Interviews

‘Administered prices don’t work’

Economist Dr Hossain Zillur Rahman
VISUAL: STAR

Dr Hossain Zillur Rahman, executive chairman of Power and Participation Research Centre (PPRC) and former adviser to the caretaker government, speaks with Tamanna Khan of The Daily Star about effective and ineffective government interventions to rein in high prices of essentials.

 

Recently, we have seen that the interim government tried to fix the prices of chicken and eggs to no avail. Previous governments also made similar efforts without success. Why does this measure fail?

If you respond to consumer demands through these administered prices—which is a populist measure to try to address consumers' call for relief—it usually doesn't work. Decision-makers, meaning the government, have to have an updated understanding of the realities of the supply chain, not a theoretical understanding. They need to understand whether there are blocks somewhere and if those blocks can be overcome. For example, are there groups who are in a way exerting pressure on the market prices?

We often hear that market syndicates are responsible for artificially raising prices. Who are these syndicates?

Syndicate has been a widely used term for many years now. The syndicate is a reality; it is a unified group of market players who can control the supply chain and also influence the policymakers in that space. That was what we saw during the ousted regime.

When the commerce minister of the Hasina government said he couldn't do much, he was basically saying that he was part of the syndicate, so he couldn't do much.

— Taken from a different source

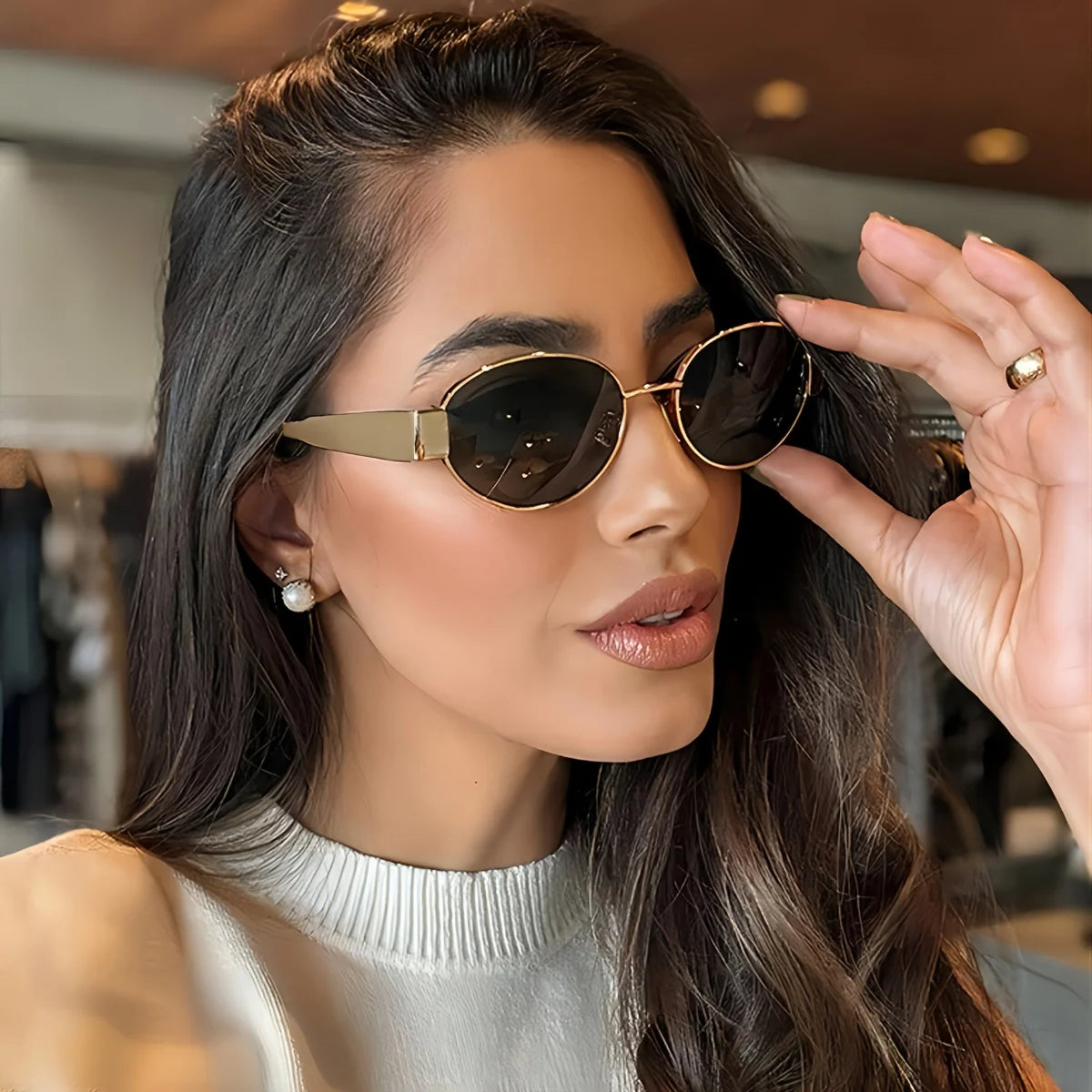 Classic Oval Sunglasses – Trendy, Unisex Metal Frame Shades for Effortless Style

Now the situation is different. However, we need to understand how far the syndicate is still influencing the supply chain. They are unlikely to disappear anytime soon. Although the current policymakers are not necessarily aligned with them, they have to be effective in terms of understanding and influencing the supply chain management if they want to act on certain variables that can affect the supply chain.

Being non-political doesn't automatically make the government effective in this matter. They need to understand if the influence is in the policy process or if it is just bureaucratic. Are the policymakers on top of the bureaucrats? Do they have a field understanding? I haven't seen much effort by the incumbent government to go out and understand the field realities of supply chain management.

What should the government do then?

They have to find the answers themselves. I am also not fully aware of the supply chain realities right now. But trying to control the market with a law-and-order mentality doesn't work.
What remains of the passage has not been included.